Given entries below:

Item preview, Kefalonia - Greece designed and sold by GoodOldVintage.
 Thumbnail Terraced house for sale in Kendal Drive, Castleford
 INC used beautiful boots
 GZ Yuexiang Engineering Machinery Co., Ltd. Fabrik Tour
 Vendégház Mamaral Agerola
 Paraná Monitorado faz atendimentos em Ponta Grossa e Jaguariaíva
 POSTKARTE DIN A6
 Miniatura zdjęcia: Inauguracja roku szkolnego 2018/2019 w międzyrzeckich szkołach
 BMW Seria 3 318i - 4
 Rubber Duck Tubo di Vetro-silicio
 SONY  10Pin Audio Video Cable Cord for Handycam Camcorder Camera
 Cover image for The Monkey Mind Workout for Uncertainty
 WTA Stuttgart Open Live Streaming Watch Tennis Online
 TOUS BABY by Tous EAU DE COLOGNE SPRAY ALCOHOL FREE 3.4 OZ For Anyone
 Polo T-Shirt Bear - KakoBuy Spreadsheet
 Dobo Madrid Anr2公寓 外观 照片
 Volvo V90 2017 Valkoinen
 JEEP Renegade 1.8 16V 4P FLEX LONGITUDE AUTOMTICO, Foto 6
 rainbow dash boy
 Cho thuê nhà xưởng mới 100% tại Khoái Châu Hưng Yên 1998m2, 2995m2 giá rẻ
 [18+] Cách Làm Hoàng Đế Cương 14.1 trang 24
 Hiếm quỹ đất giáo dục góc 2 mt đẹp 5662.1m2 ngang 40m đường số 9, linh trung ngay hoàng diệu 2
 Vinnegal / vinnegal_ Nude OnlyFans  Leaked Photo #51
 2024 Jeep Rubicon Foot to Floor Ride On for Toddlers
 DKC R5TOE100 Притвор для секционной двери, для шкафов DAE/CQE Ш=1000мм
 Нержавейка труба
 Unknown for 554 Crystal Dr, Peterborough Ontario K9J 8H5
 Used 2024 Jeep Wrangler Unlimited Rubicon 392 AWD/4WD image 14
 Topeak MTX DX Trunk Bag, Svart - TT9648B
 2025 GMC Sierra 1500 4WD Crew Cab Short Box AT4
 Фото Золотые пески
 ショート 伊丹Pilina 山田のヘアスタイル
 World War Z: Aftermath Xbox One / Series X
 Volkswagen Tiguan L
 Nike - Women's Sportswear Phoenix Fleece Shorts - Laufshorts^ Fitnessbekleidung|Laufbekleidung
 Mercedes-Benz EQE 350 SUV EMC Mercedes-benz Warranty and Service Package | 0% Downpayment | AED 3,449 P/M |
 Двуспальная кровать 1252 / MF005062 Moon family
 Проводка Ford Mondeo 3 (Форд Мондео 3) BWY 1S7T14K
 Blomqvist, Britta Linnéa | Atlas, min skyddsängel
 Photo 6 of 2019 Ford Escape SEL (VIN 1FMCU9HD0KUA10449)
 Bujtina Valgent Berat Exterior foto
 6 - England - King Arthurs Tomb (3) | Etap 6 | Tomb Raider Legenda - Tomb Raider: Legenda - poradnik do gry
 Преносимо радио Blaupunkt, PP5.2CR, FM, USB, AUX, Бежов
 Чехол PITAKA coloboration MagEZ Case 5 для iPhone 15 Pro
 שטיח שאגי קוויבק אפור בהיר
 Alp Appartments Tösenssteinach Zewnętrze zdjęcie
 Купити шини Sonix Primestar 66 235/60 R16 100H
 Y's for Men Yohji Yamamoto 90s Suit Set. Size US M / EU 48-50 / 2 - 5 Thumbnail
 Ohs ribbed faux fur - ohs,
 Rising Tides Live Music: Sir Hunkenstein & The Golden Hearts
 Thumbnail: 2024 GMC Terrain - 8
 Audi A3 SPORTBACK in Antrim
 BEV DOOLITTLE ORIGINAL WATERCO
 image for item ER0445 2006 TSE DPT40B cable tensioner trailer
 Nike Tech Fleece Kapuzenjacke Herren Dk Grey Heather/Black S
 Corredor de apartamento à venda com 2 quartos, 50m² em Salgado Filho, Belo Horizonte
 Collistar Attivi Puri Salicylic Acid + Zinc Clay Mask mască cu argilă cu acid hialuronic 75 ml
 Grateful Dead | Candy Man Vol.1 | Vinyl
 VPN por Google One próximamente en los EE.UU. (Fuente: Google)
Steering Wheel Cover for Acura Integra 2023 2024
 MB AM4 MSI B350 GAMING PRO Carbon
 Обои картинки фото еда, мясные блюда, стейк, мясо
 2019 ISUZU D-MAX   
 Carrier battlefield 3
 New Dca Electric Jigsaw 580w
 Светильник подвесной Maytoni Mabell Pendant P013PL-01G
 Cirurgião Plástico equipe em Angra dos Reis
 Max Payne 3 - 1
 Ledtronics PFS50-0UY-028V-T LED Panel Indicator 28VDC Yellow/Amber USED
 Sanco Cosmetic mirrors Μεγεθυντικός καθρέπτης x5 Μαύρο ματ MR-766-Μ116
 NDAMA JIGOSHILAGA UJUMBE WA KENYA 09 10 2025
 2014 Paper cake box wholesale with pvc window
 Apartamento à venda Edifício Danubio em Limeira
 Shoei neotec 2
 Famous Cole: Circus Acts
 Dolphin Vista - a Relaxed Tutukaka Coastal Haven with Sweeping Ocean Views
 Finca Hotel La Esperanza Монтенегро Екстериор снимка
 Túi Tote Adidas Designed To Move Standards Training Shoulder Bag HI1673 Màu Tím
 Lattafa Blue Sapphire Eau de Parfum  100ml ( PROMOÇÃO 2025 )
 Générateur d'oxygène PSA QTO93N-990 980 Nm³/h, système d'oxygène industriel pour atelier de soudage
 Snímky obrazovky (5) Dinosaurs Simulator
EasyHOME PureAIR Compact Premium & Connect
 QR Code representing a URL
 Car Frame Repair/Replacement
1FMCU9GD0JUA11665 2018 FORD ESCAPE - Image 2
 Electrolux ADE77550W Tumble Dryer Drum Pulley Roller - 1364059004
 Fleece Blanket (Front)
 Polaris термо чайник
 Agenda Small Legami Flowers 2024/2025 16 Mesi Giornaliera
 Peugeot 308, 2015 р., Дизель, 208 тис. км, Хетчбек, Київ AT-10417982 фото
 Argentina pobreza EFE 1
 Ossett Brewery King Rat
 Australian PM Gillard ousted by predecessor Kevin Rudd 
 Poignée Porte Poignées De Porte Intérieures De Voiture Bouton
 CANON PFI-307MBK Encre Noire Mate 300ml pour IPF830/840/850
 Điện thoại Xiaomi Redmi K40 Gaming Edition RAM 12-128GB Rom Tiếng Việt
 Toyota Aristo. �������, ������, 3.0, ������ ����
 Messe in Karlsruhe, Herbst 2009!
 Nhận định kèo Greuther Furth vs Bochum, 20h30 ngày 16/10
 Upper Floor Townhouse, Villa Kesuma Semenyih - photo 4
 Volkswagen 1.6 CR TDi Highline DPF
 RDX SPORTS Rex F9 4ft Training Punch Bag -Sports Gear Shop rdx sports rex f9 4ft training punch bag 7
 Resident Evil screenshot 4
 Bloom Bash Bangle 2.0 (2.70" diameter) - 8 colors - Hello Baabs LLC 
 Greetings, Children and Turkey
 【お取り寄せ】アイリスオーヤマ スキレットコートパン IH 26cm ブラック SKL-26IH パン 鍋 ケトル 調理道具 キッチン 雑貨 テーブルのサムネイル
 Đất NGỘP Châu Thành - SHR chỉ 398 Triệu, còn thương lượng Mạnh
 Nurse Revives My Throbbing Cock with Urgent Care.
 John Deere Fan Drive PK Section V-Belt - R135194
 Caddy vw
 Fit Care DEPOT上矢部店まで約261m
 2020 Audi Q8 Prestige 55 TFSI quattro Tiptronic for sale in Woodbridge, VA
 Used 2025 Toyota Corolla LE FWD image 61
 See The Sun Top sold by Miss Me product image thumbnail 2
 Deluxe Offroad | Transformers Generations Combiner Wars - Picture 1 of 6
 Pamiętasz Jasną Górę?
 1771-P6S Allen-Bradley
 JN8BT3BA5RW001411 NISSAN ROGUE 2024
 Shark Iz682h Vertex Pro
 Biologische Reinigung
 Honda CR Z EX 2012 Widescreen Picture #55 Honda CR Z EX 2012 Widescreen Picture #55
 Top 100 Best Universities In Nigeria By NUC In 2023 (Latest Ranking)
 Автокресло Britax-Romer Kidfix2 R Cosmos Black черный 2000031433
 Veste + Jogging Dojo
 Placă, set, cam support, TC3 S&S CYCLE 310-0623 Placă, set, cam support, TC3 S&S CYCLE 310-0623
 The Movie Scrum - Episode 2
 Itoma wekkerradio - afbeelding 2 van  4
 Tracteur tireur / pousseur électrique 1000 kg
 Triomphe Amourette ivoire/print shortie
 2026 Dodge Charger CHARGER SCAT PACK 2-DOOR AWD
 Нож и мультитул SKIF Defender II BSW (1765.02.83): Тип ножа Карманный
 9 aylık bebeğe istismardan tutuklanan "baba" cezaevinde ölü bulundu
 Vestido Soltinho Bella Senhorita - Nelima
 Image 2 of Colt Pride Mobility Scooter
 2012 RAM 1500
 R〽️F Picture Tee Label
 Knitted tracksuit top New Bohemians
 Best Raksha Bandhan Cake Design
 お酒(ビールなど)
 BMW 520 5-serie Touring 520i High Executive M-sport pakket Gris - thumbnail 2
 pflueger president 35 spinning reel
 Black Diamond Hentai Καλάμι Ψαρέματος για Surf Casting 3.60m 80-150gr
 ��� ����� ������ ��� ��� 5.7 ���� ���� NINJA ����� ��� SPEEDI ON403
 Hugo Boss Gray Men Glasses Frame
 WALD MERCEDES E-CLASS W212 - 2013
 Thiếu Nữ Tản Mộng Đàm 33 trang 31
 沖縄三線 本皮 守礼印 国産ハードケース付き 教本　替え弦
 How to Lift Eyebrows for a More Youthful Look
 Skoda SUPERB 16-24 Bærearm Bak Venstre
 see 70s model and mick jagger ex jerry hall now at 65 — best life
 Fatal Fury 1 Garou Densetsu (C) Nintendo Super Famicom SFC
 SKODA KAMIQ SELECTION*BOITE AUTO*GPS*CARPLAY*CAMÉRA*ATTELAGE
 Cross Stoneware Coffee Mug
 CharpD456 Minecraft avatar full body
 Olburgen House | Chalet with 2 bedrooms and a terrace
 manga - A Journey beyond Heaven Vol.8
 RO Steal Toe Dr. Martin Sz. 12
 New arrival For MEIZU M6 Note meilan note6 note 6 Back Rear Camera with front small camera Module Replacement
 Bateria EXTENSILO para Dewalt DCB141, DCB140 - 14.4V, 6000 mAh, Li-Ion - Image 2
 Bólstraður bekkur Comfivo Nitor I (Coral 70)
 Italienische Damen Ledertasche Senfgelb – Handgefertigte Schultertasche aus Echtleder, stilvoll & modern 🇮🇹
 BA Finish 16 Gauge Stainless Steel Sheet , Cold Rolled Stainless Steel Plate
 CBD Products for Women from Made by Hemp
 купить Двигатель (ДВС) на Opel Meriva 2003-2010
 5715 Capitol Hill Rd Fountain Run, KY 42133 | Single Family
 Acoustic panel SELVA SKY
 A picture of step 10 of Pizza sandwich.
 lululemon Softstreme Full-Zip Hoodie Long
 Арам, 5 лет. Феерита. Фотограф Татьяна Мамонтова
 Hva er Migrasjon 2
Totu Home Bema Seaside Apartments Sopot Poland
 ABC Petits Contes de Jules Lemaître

End of Given entries.

◆ **Task item**: Set down, exactly as they appear above, all lines from the one that has "RDX SPORTS Rex F9 4ft Training Punch Bag -Sports" down to the one that has "Greetings, Children and Turkey", including those two and no others.

◆ **The completed task**:
 RDX SPORTS Rex F9 4ft Training Punch Bag -Sports Gear Shop rdx sports rex f9 4ft training punch bag 7
 Resident Evil screenshot 4
 Bloom Bash Bangle 2.0 (2.70" diameter) - 8 colors - Hello Baabs LLC 
 Greetings, Children and Turkey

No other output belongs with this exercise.